#### Listed records

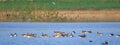 Grey leg goose family Royalty Free Stock Photo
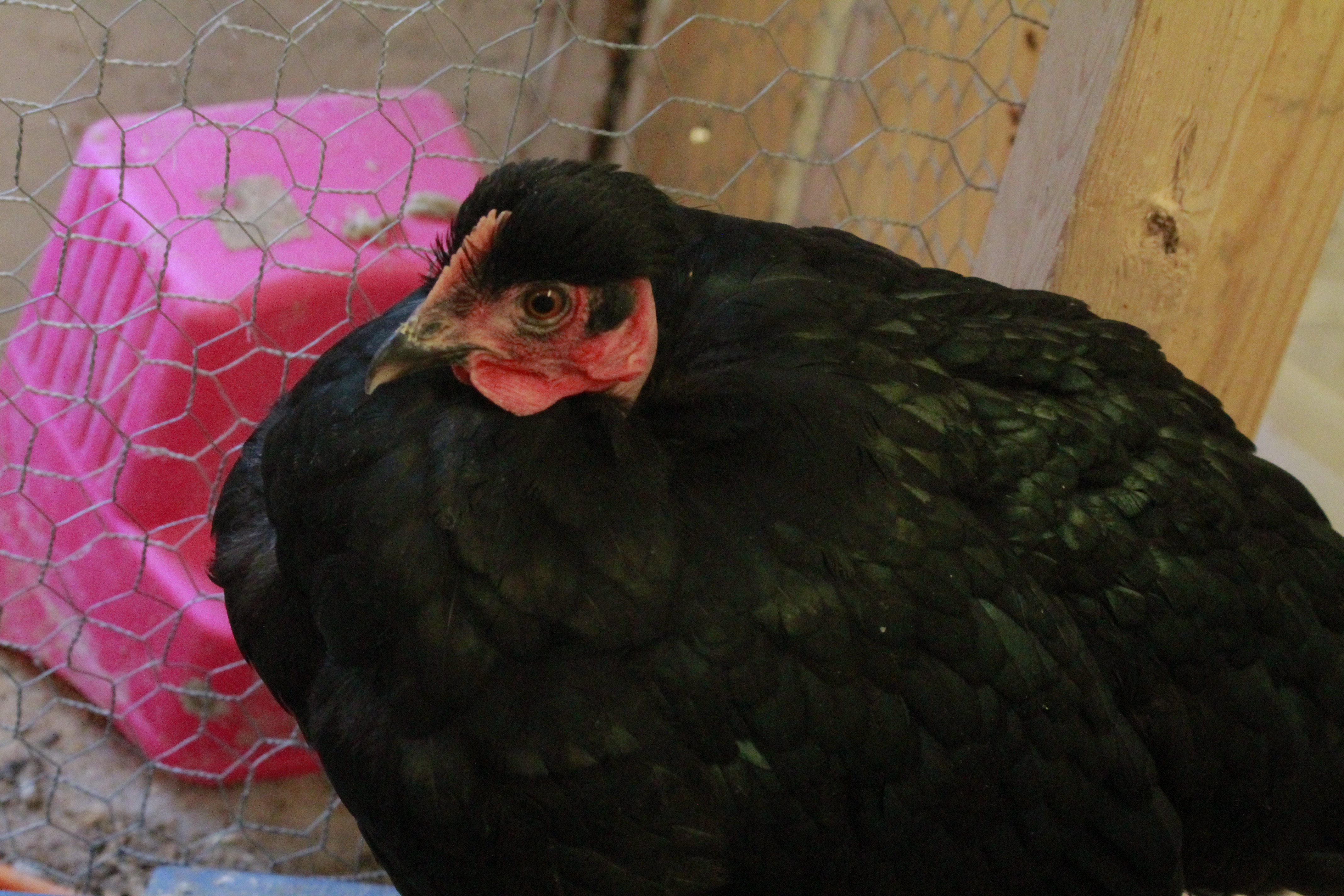 Naked Neck pullet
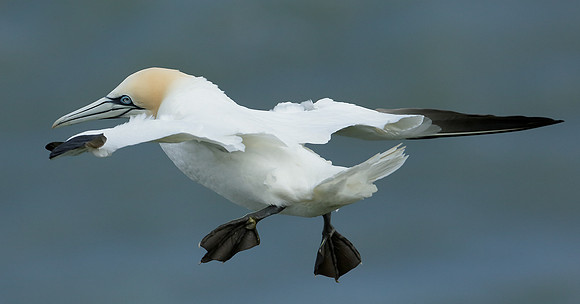 Gannet Morus bassanus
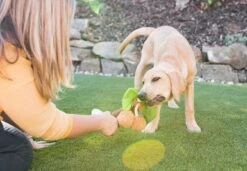 PLAY Peluche Pour Chien Palmier -Produits Chien Chat Magasin Westway Studio PLAY 111220 043 web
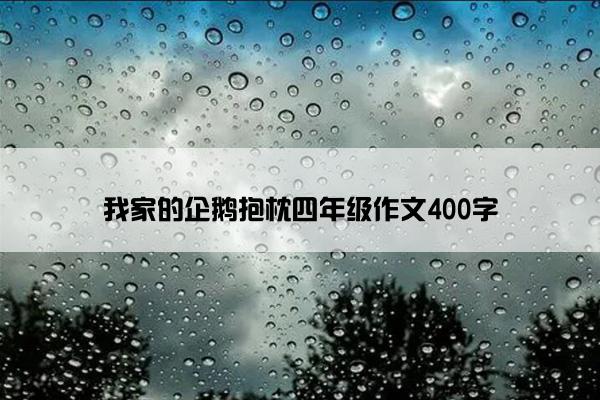 我家的企鹅抱枕四年级作文400字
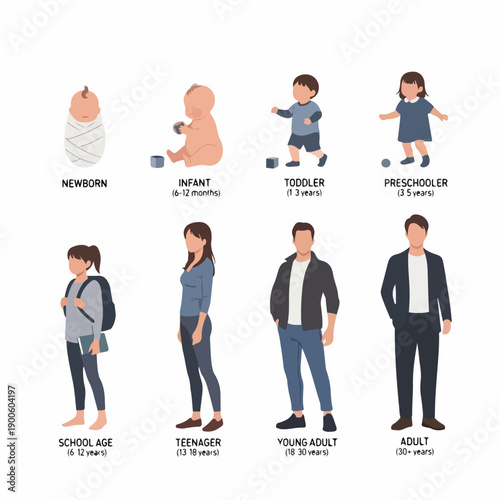 Stages of human development illustration: Newborn, Infant, Toddler, Preschooler, School Age, Teenager, Young Adult, and Adult life cycle chart.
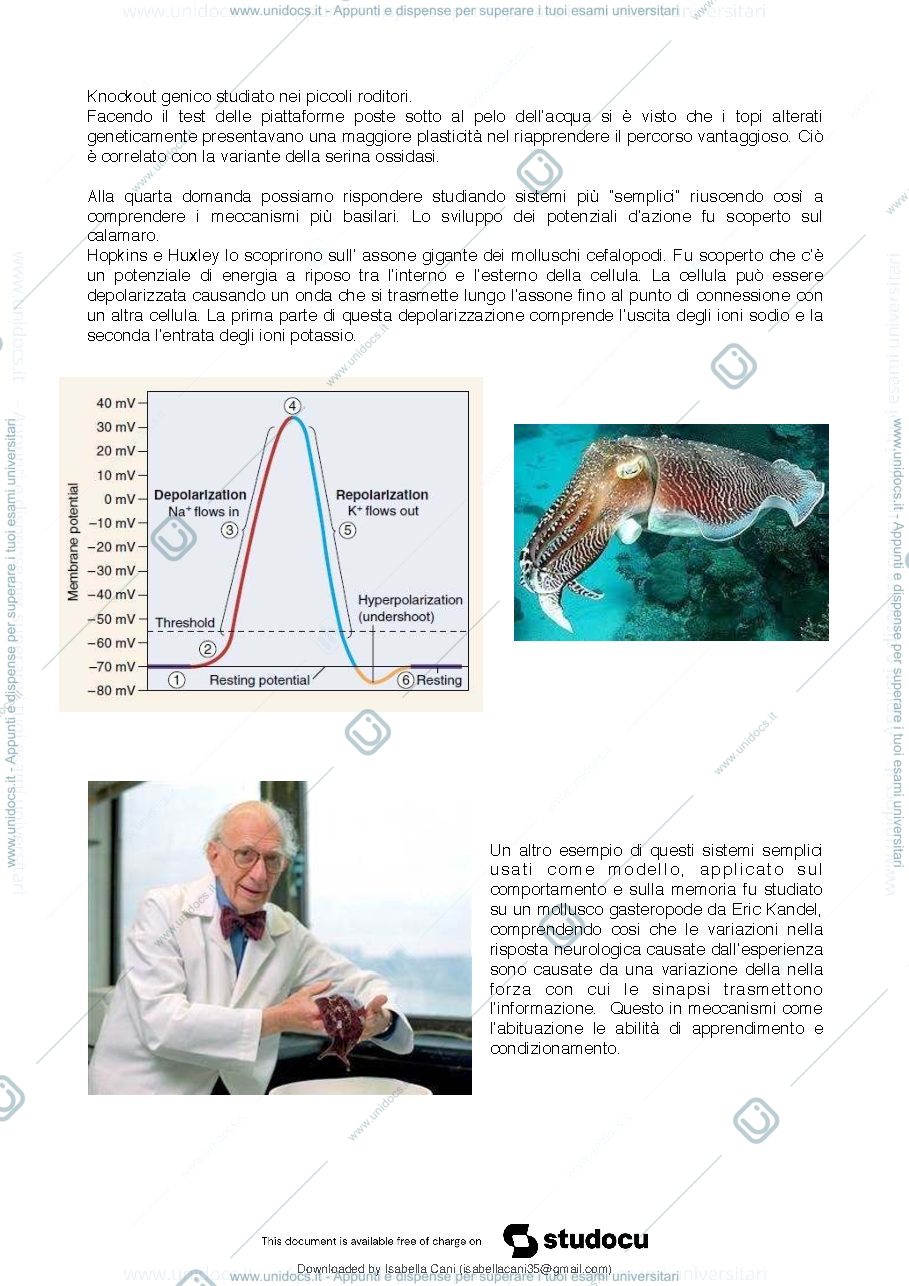Anteprima pagina 4 — Neurobiologia comparata
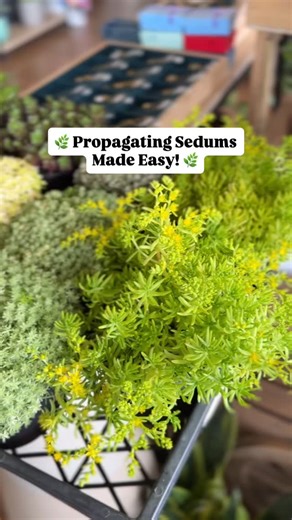 Did you know sedums (a beautiful variety of succulents) are some of the easiest plants to propagate? 💚 Simply take a healthy stem cutting, let it dry for a day or two, and pop it into well-draining soil. In just a few weeks, you’ll notice tiny roots forming — and soon, a brand-new sedum plant! 🌱 Perfect for filling pots, rock gardens, or gifting to fellow plant lovers. ✨ #succulentlovers #succulentpropagation #sedums #sedumpropagation #sedumlove #succulentsofinstagram | Wera Plants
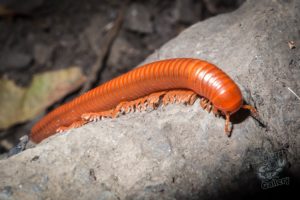 20150721 080000 hawaii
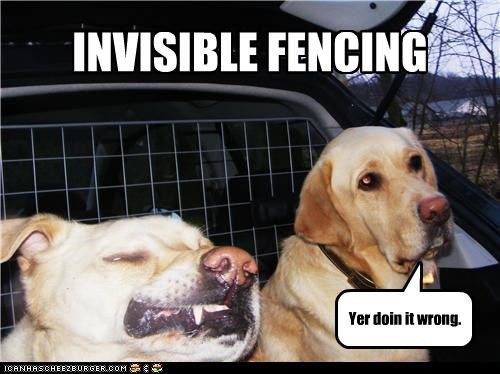 Invisible Fencing Lesson #208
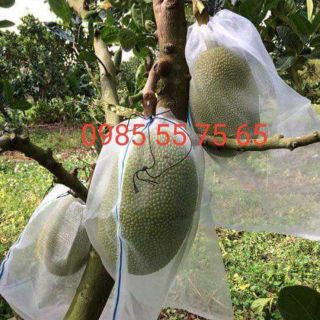 10 túi lưới bao mít có dây rút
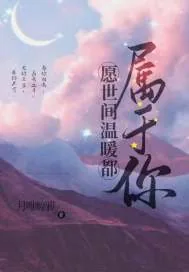 《愿世间温暖都属于你》小说封面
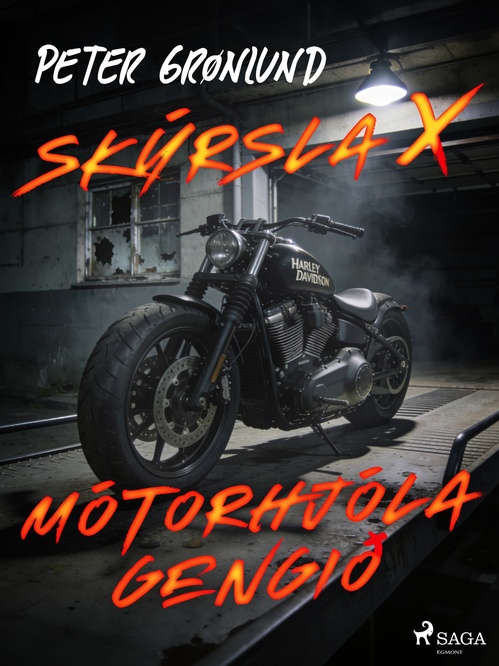 ebook cover of Skýrsla X - Mótorhjólagengið, by Peter Gronlund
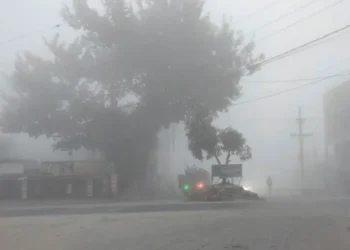 আট জেলায় শৈত্যপ্রবাহ, কুয়াশা ঘনীভূত হওয়ার আশঙ্কা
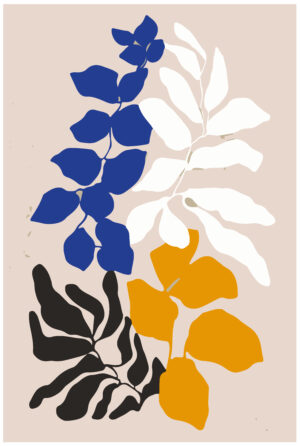 Contrast Garden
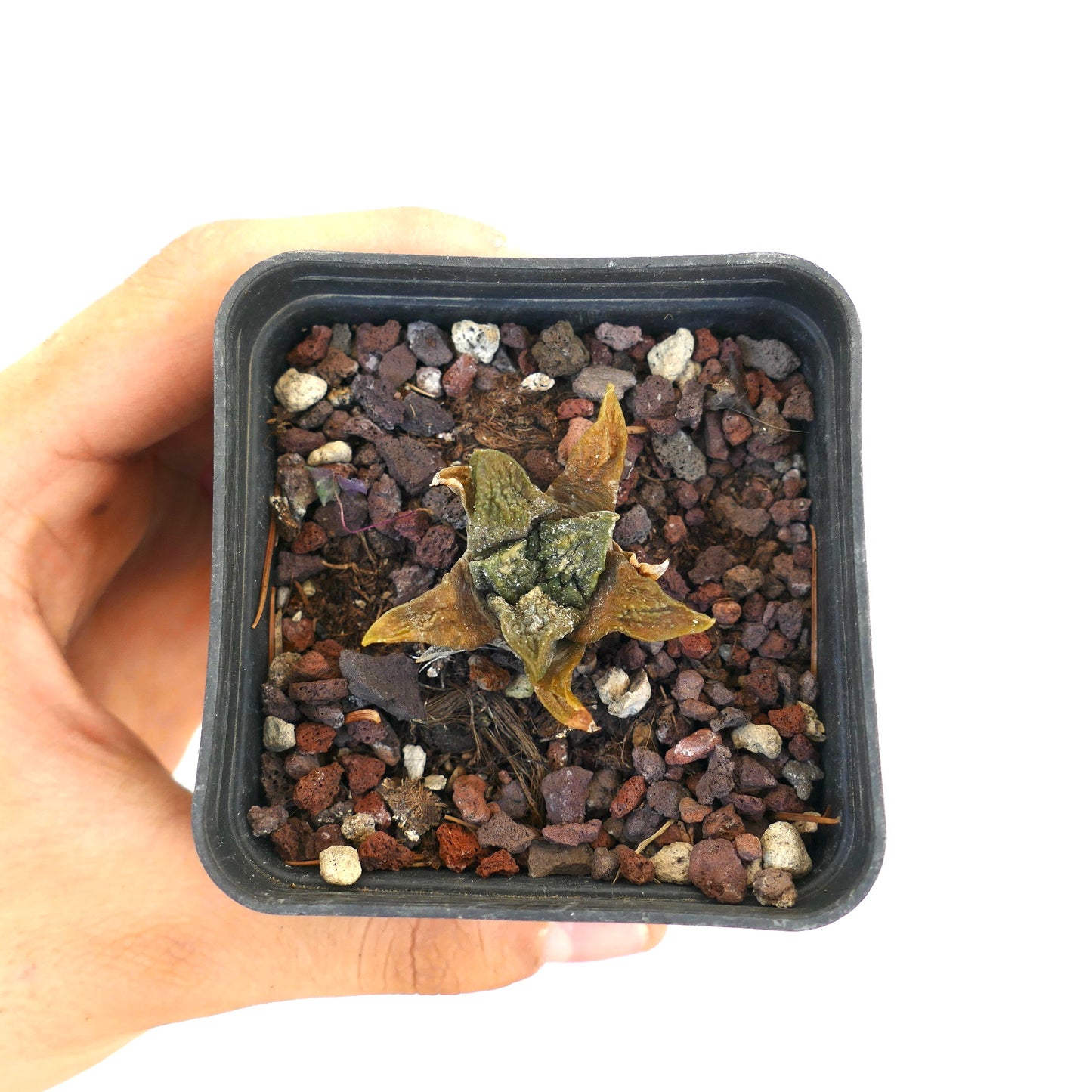 Ariocarpus fissuratus cv SUPER GODZILLA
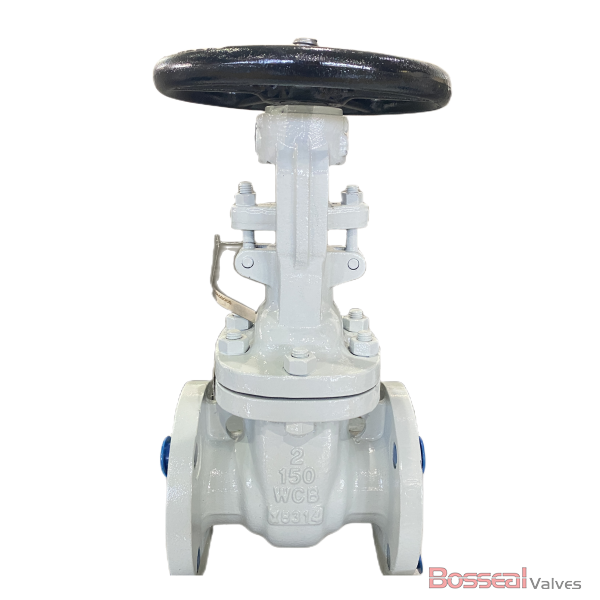 ASTM A351 CF8M Gate Valve, API 600, 2-1/2 IN, CL 1500, OS&Y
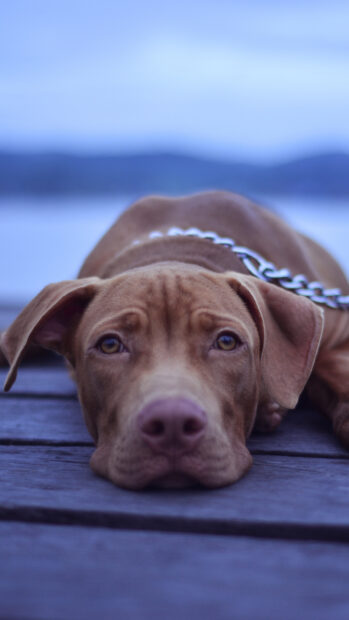 Brown dog resting on wooden floor with calm expression and collar chain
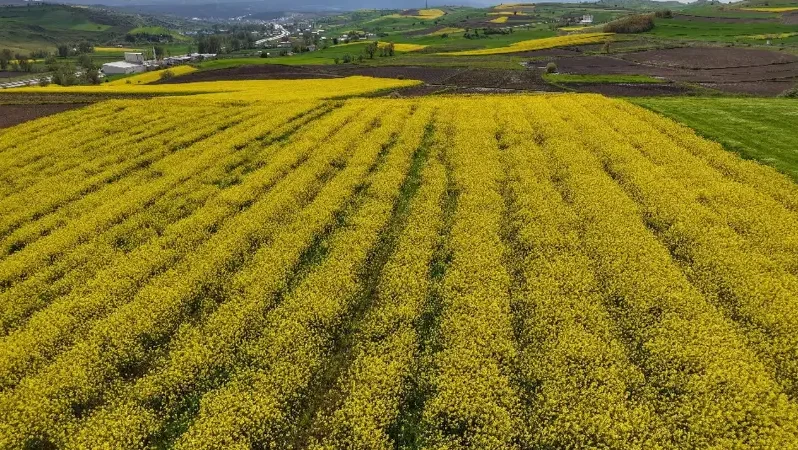 Samsun’da Kanola üretimi patladı: 6 Yılda 45 Bin dekarlık artış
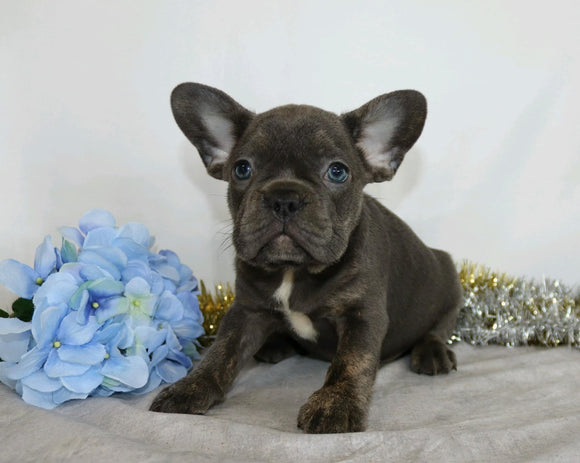 AKC Registered French Bulldog For Sale Wooster, OH Male- Vincent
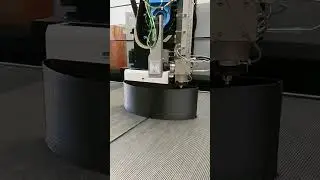 Robotic LFAM Timelapse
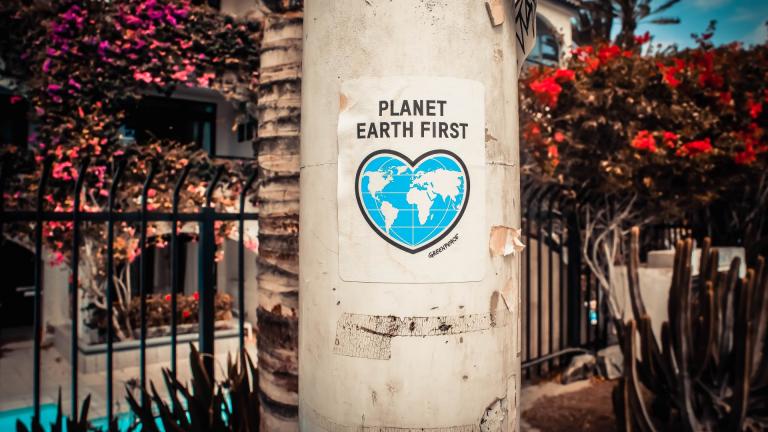 There are a number of ways for Chicagoans to take part in Earth Day. (Lauris Rozentals / Pexels)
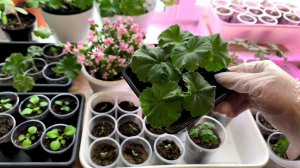 Занималась пикировкой и перевалкой🌶🍅 🌺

########

-- What you will do --
Exactly the lines from the top of the listing through the line holding "Samsun’da Kanola üretimi" should be repeated, with pictures left out.

-- Result for this exercise --
 Grey leg goose family Royalty Free Stock Photo
 Naked Neck pullet
 Gannet Morus bassanus
 PLAY Peluche Pour Chien Palmier -Produits Chien Chat Magasin Westway Studio PLAY 111220 043 web
 我家的企鹅抱枕四年级作文400字
 Stages of human development illustration: Newborn, Infant, Toddler, Preschooler, School Age, Teenager, Young Adult, and Adult life cycle chart.
Anteprima pagina 4 — Neurobiologia comparata
 Did you know sedums (a beautiful variety of succulents) are some of the easiest plants to propagate? 💚 Simply take a healthy stem cutting, let it dry for a day or two, and pop it into well-draining soil. In just a few weeks, you’ll notice tiny roots forming — and soon, a brand-new sedum plant! 🌱 Perfect for filling pots, rock gardens, or gifting to fellow plant lovers. ✨ #succulentlovers #succulentpropagation #sedums #sedumpropagation #sedumlove #succulentsofinstagram | Wera Plants
 20150721 080000 hawaii
 Invisible Fencing Lesson #208
 10 túi lưới bao mít có dây rút
 《愿世间温暖都属于你》小说封面
 ebook cover of Skýrsla X - Mótorhjólagengið, by Peter Gronlund
 আট জেলায় শৈত্যপ্রবাহ, কুয়াশা ঘনীভূত হওয়ার আশঙ্কা
 Contrast Garden
 Ariocarpus fissuratus cv SUPER GODZILLA
 ASTM A351 CF8M Gate Valve, API 600, 2-1/2 IN, CL 1500, OS&Y
 Brown dog resting on wooden floor with calm expression and collar chain
 Samsun’da Kanola üretimi patladı: 6 Yılda 45 Bin dekarlık artış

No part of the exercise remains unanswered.